Python Forum

Full Version: Python 3.6.5 pathlib weird behaviour when resolve a relative path on root (macOs)
You're currently viewing a stripped down version of our content. View the full version with proper formatting.
Hi,

I have recently found a weird behaviour while trying to resolve a relative path located on the root directory on a macOs.

I tried to resolve a Path('spam') and the interpreter answered PosixPath('//spam')double slash for root— instead of (my) expected PosixPath('/spam').

I really do not know if this is the intended result or a bug.

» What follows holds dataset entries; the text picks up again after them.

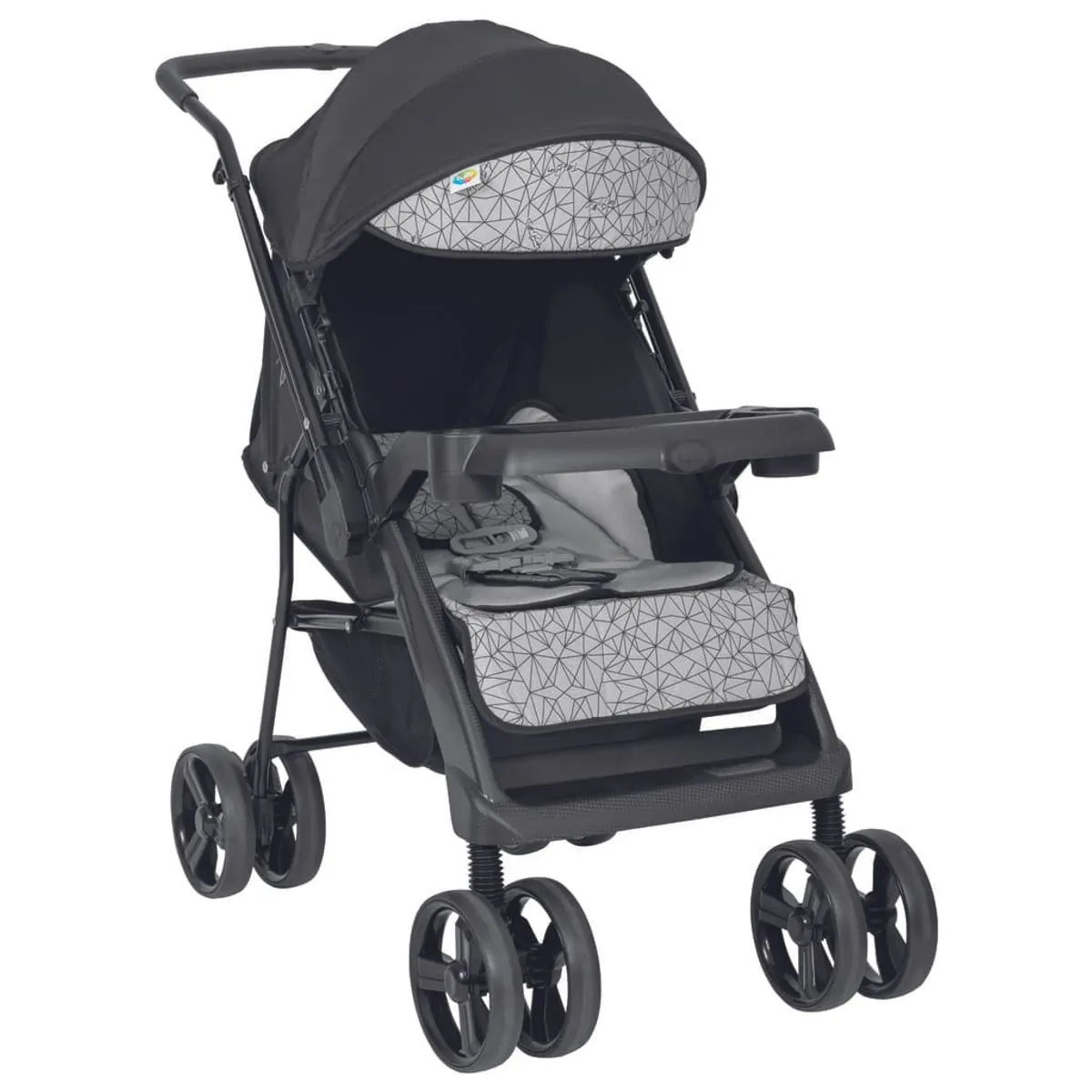 Carrinho de Bebê Joy II Tutti Baby Preto e Cinza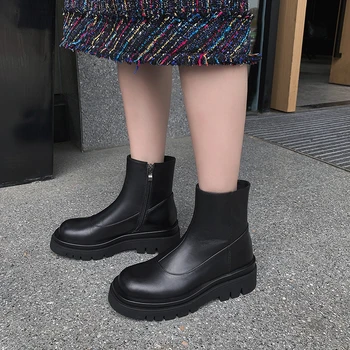 

2020 Elegant Winter Newest Women Warm Boots Genuine Leather Female Thick Heels Women Pumps Wedding Basic Shoes Woman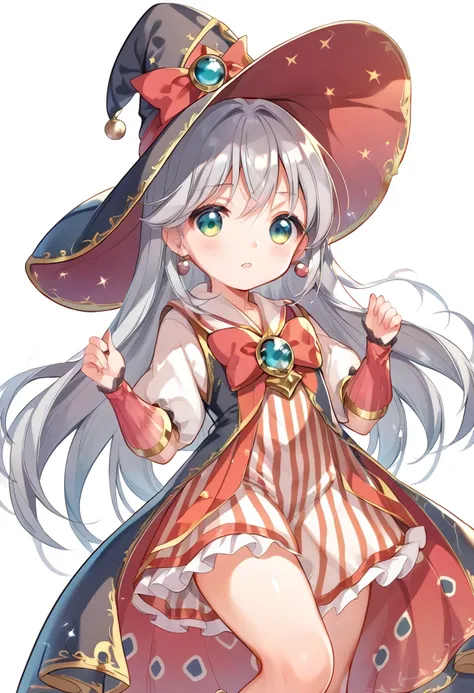 silver hair、magical girl、bright、black and white outfit、astral witch outfit、wearing a hat、ruffled skirt、constraints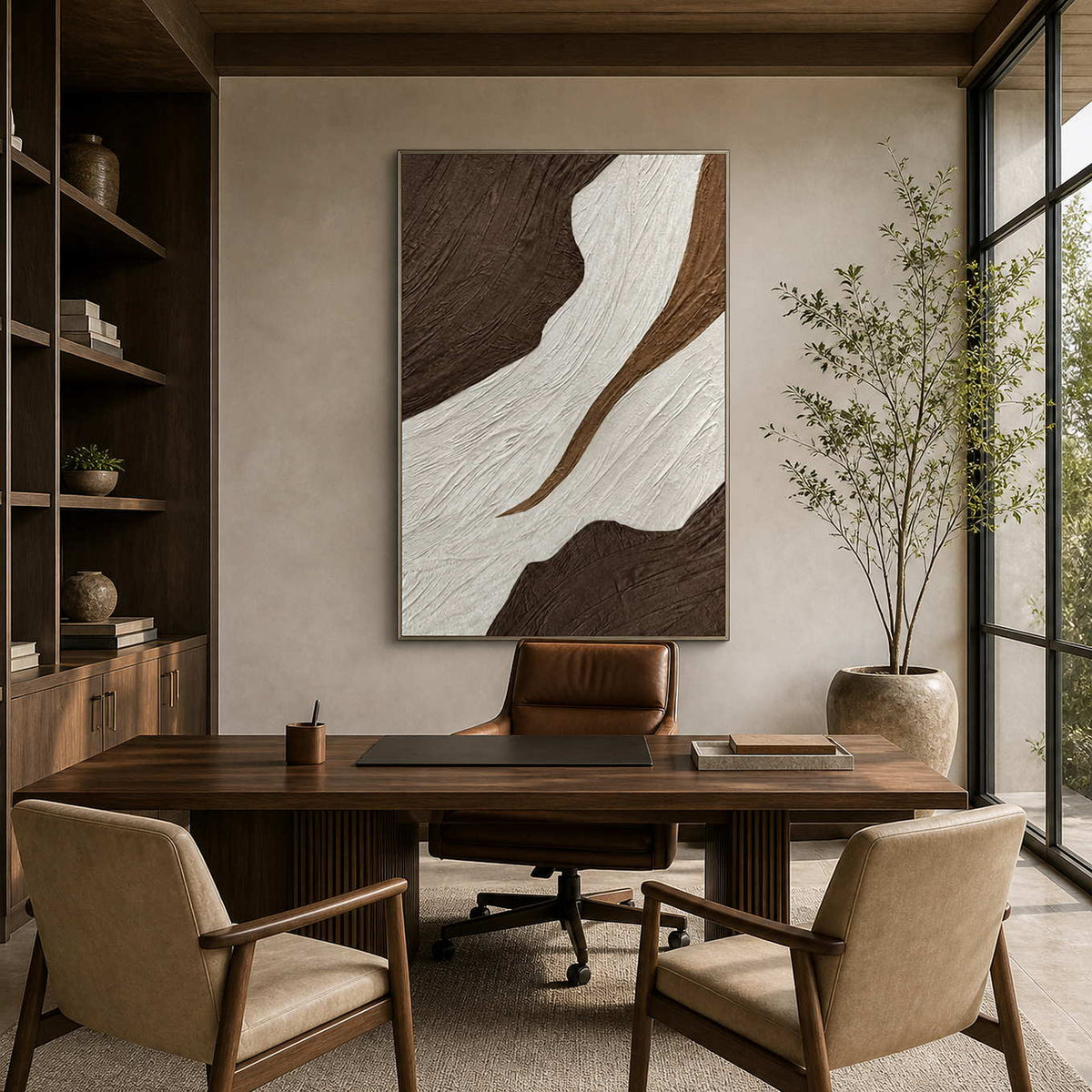 Silver-framed abstract wall art behind a wooden office desk beside a tall window.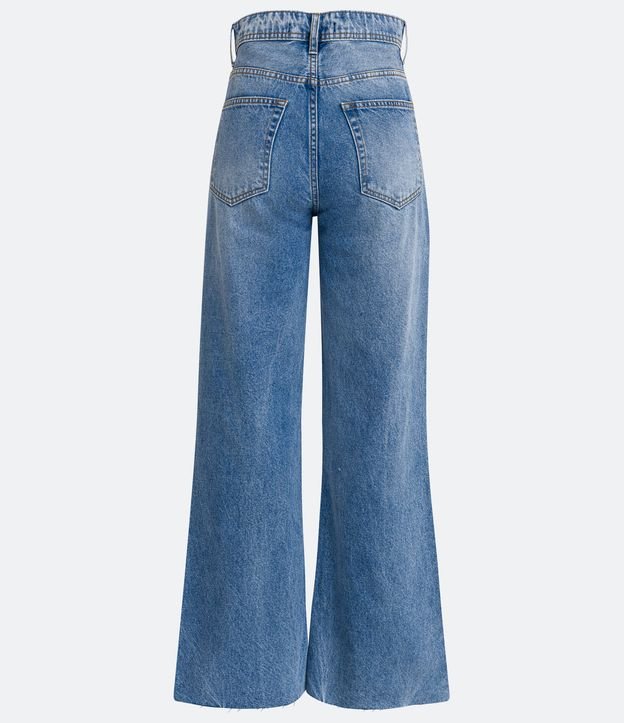 Calça Wide Leg Cintura Alta em Jeans com Rasgos e Barra a Fio Azul 6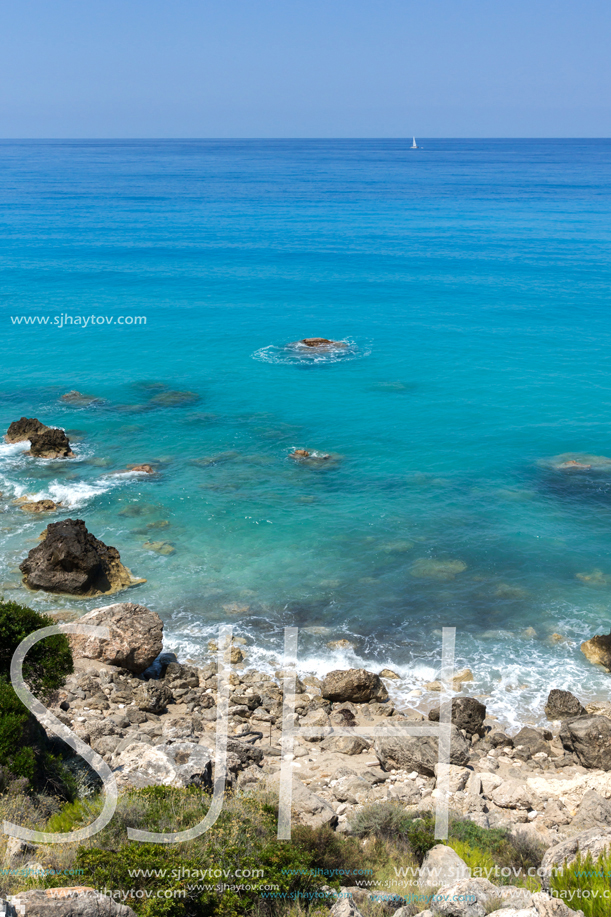 Panoramic view of Agios Nikitas Beach with blue waters, Lefkada, Ionian Islands, Greece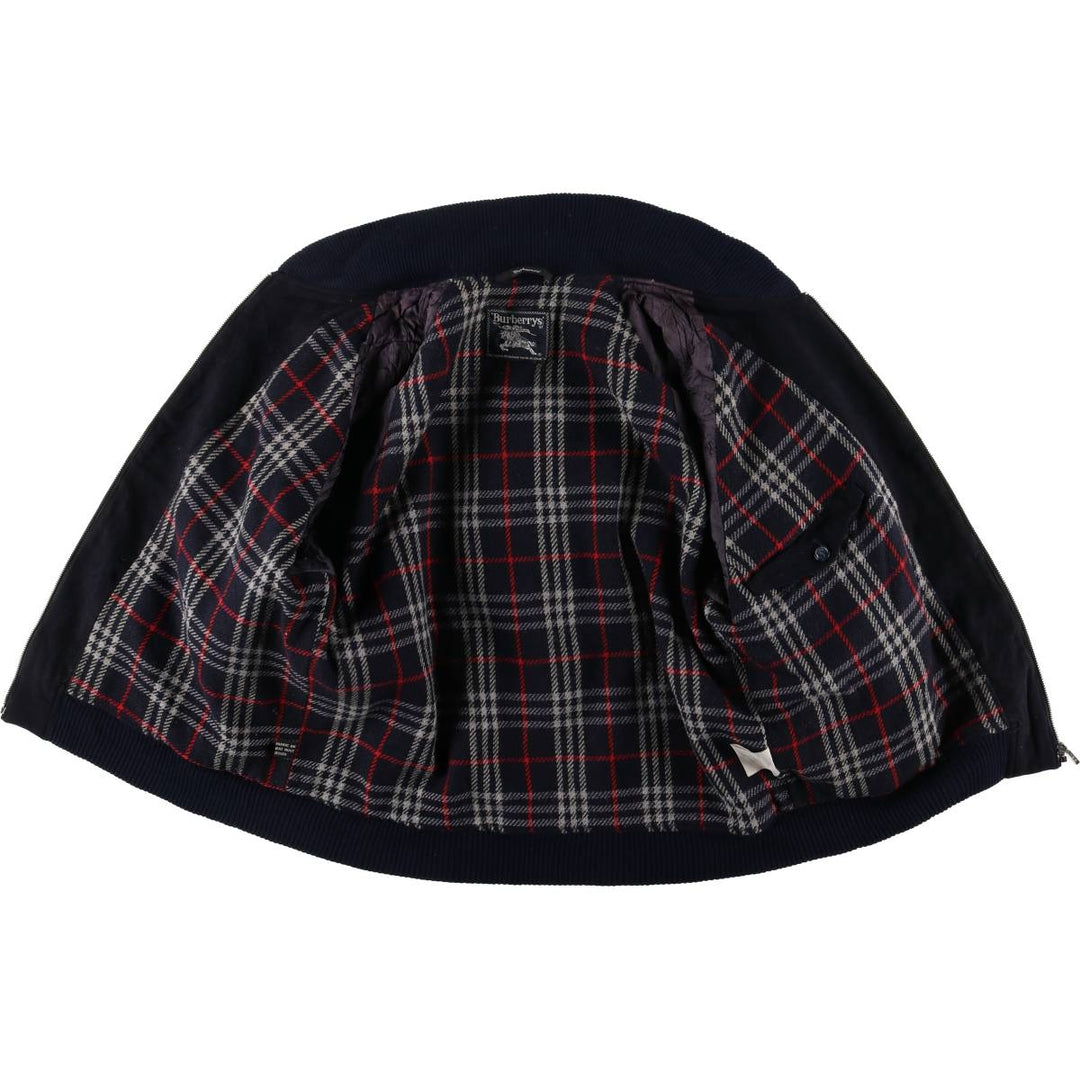 Burberry's wool blouson, men's size L unclear navy blue type Vintage Second Hand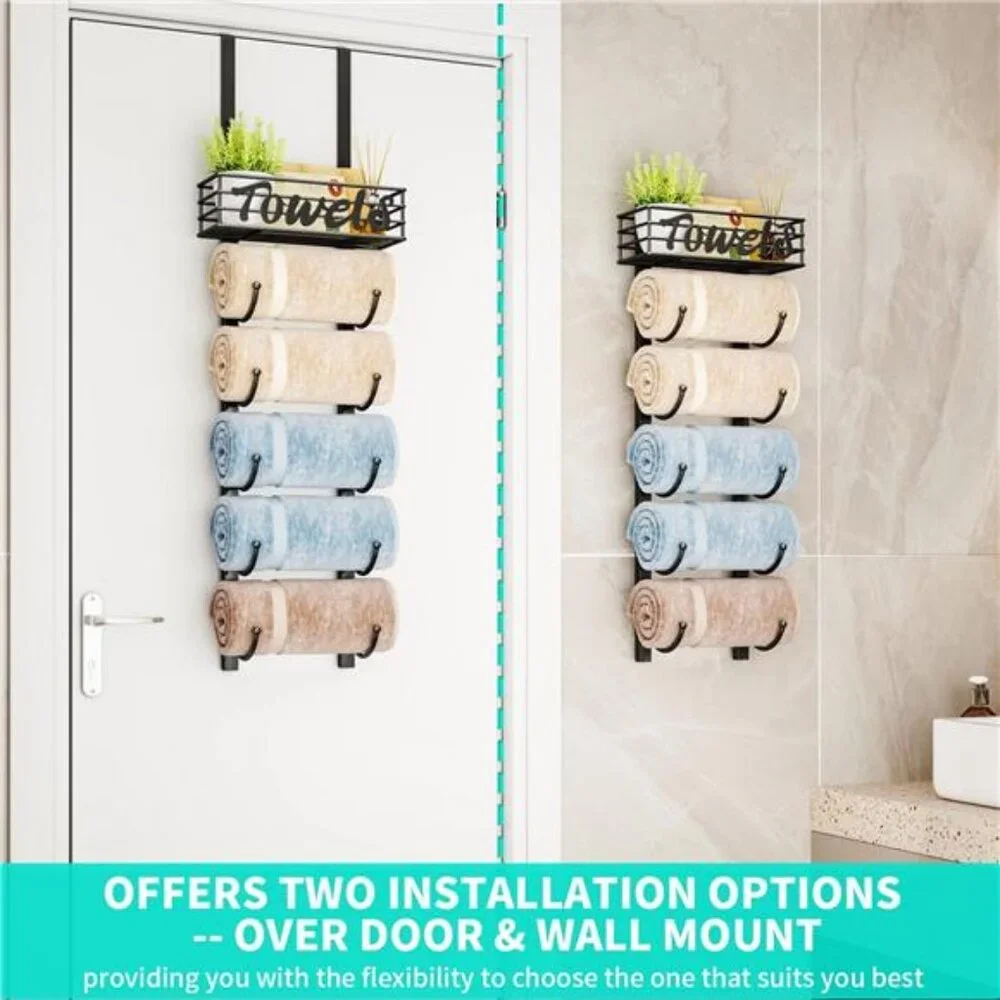 Over Door Towel Rack 6 Tier Bathroom Storage Wall Mount Rolled Towel Organizer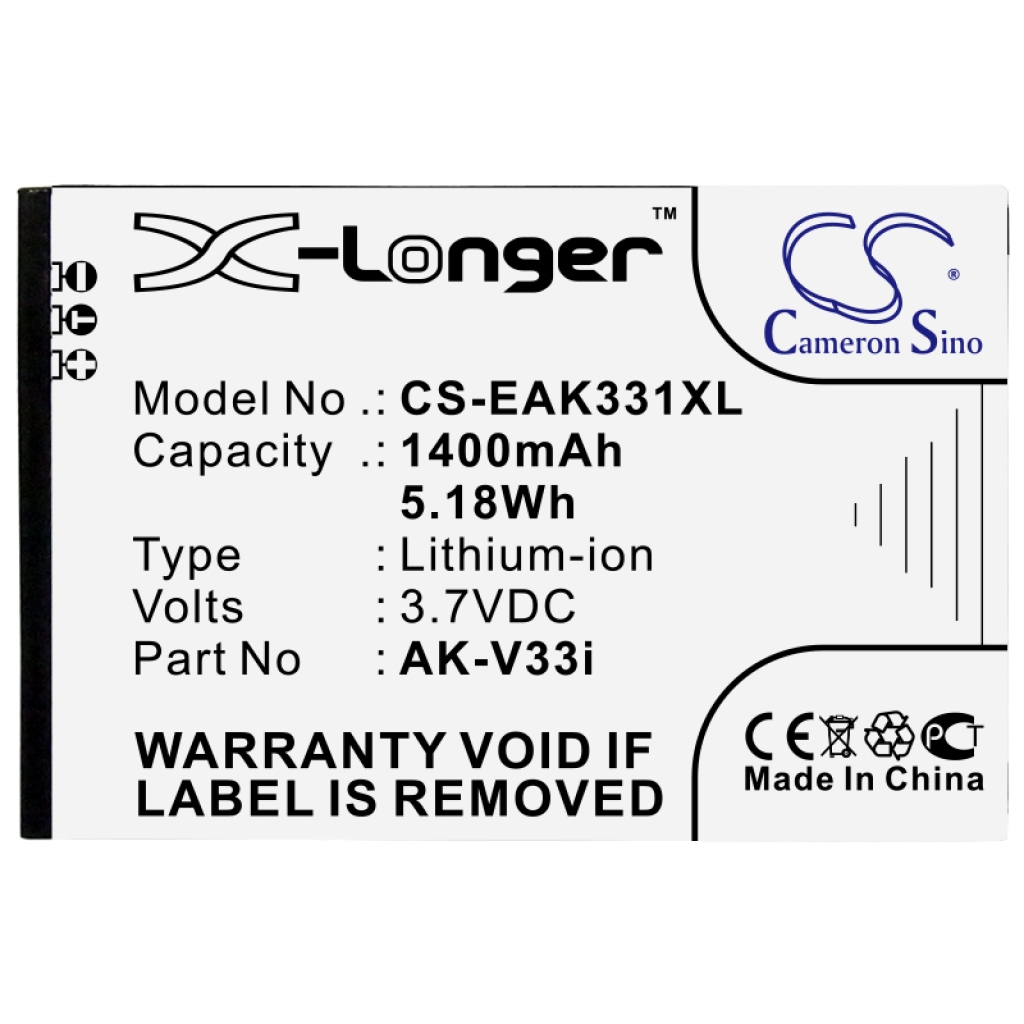 Cameron Sino X-Longer CS-EAK331XL vista contatti, etichetta X-Longer angolata, pad contatto dorati visibili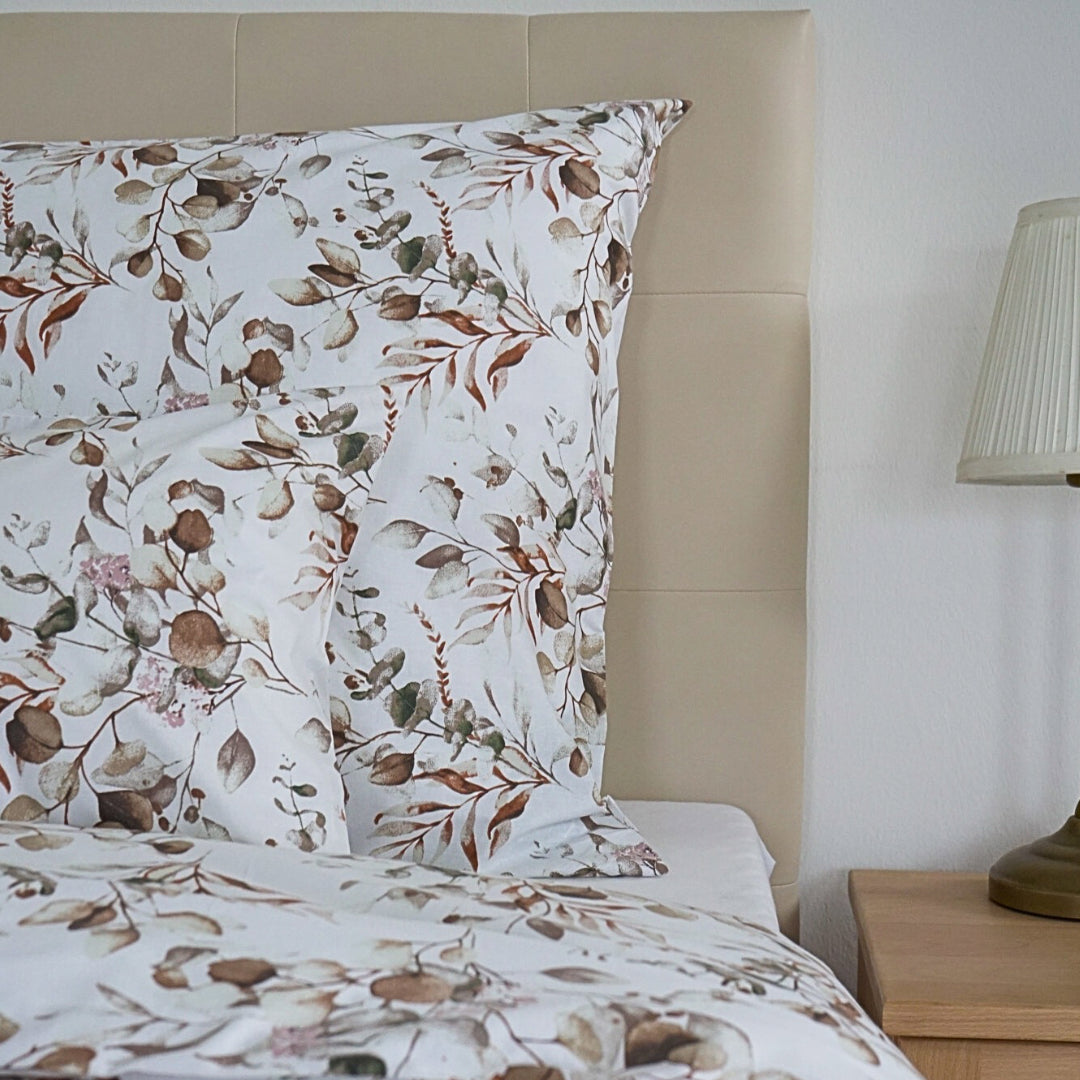 Pamut ágyneműhuzat garnitúra - Törtfehér virágos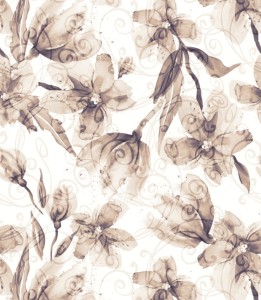 Próbka tapety kwiaty w beżu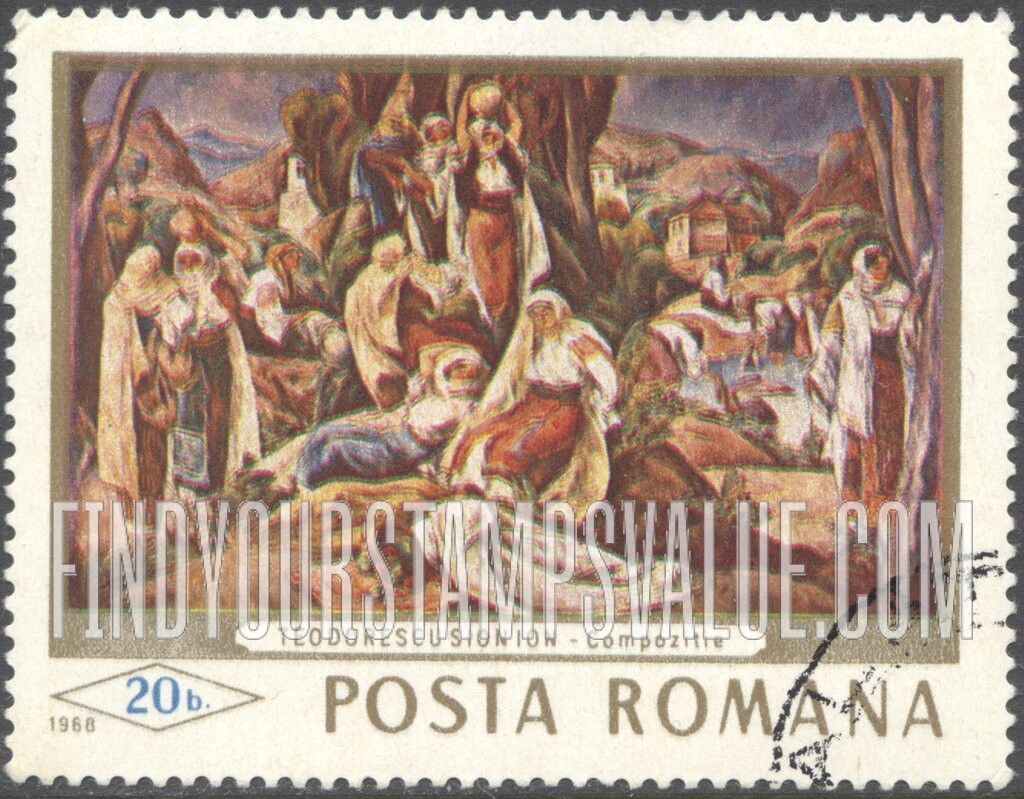 FindYourStampsValue: Paintings: Composition, by Teodorescu Sionion, horizontal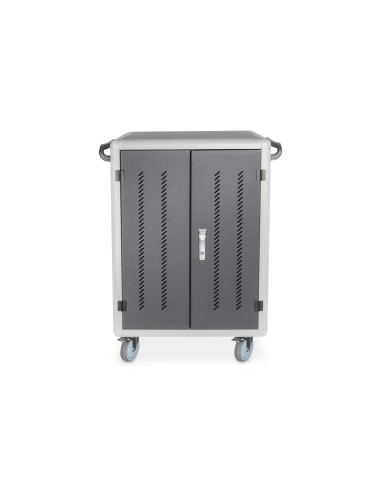 Armario de carga móvil, 30 estaciones de carga, negro 1100 x 700 x 650 mm, incl. USB, PDU, ventilador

I ran the interpreter from root directory (cd /; python). Once running the interpreter, this is what I did:

>>> import pathlib
>>> pathlib.Path.cwd()
PosixPath('/')
# since the interpreter has been launched from root
>>> p = pathlib.Path('spam')
>>> p
PosixPath('spam')
# just for checking
>>> p.resolve()
PosixPath('//spam')
# beware of double slash instead of single slash
I also checked the behaviour of Path.resolve() in a non-root directory (in my case launching the interpreter from /Applications).

>>> import pathlib
>>> pathlib.Path.cwd()
PosixPath('/Applications')
>>> p = pathlib.Path('eggs')
>>> p
PosixPath('eggs')
>>> p.resolve()
PosixPath('/Applications/eggs')
# just one slash as root in this case (as should be)
So it seems that double slashes just appear while resolving relative paths in the root directory.

More examples are:
>>> pathlib.Path('spam/egg').resolve()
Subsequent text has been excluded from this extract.